[Items listed in a dataset]

::::::::

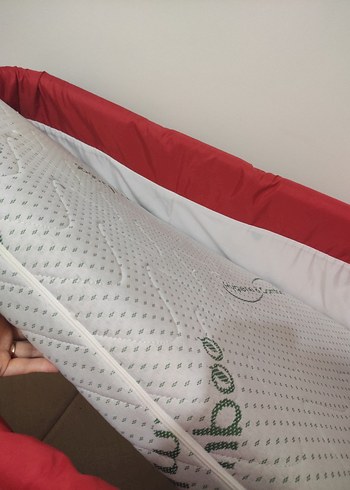 Kırmızı Katlanabilir beşik - Görsel 2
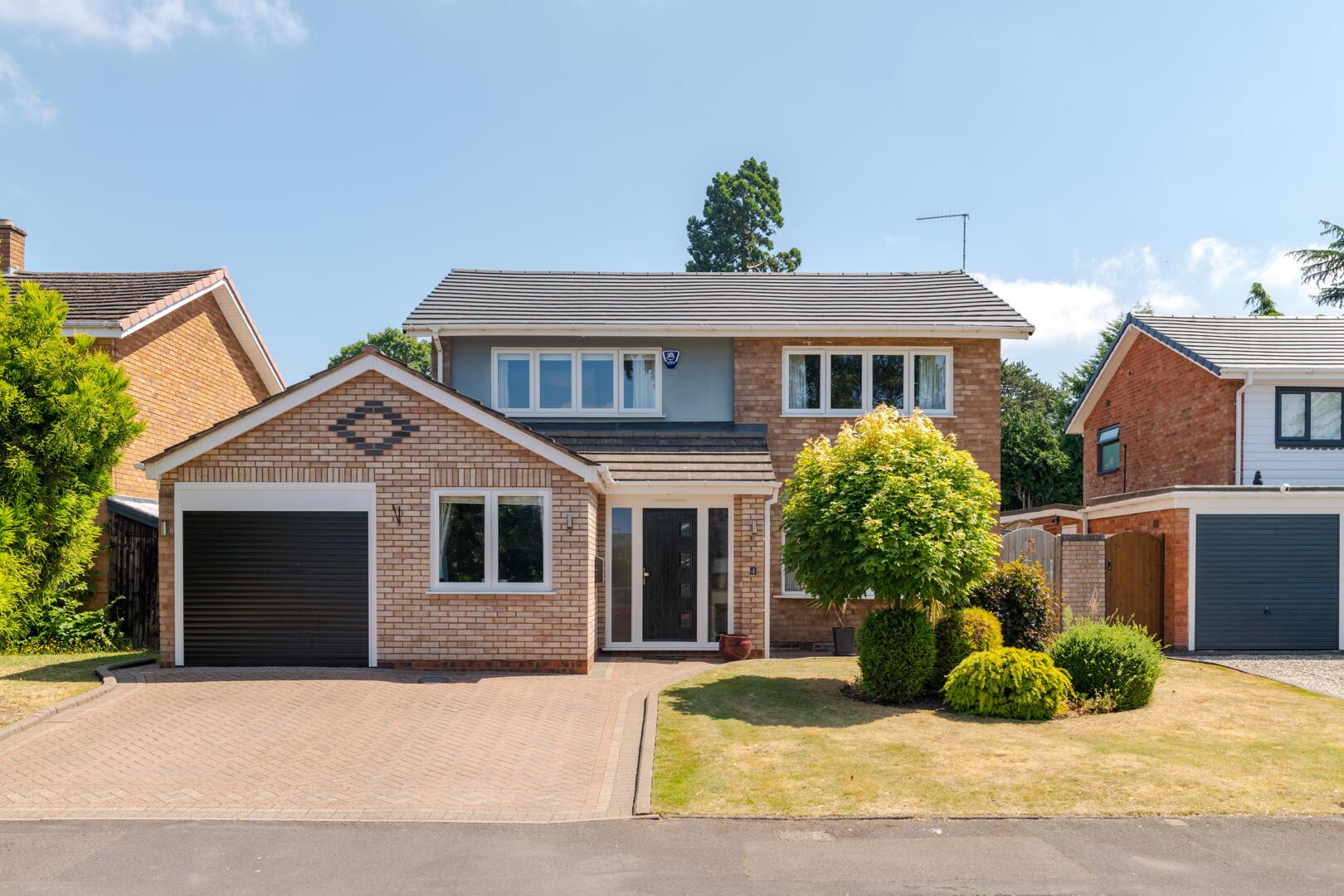 4 bed property in Ferndale Park, Stourbridge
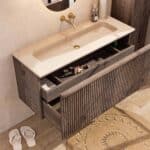 Hangend donker eiken badmeubel 120 cm met vlak front, binnenlade en beige limestone wastafel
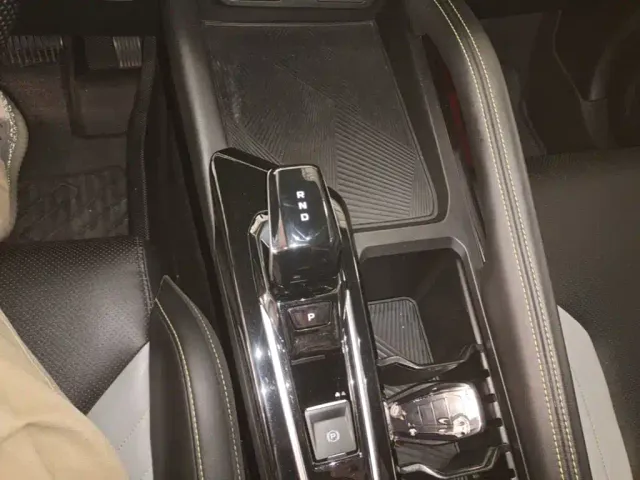 Geely Binyue — Фото автомобиля 13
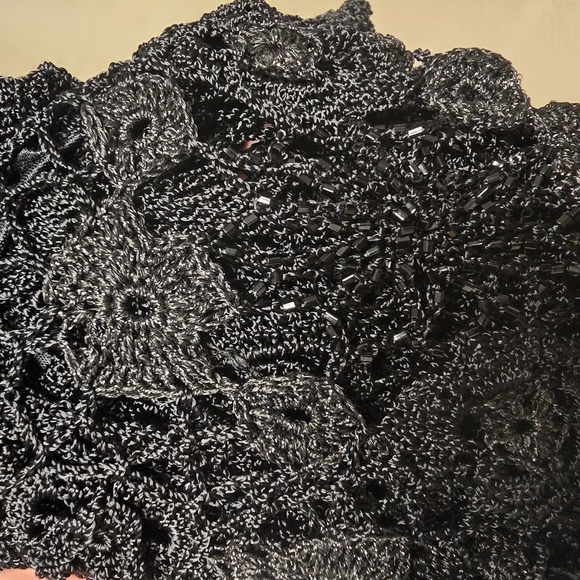 Elegant Black Beaded & Lace Dress - Picture 13 of 13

::::::::

- **The problem**
Omit every picture, and otherwise quote the entries exactly.

- **Task result**
 Kırmızı Katlanabilir beşik - Görsel 2
 4 bed property in Ferndale Park, Stourbridge
 Hangend donker eiken badmeubel 120 cm met vlak front, binnenlade en beige limestone wastafel
 Geely Binyue — Фото автомобиля 13
 Elegant Black Beaded & Lace Dress - Picture 13 of 13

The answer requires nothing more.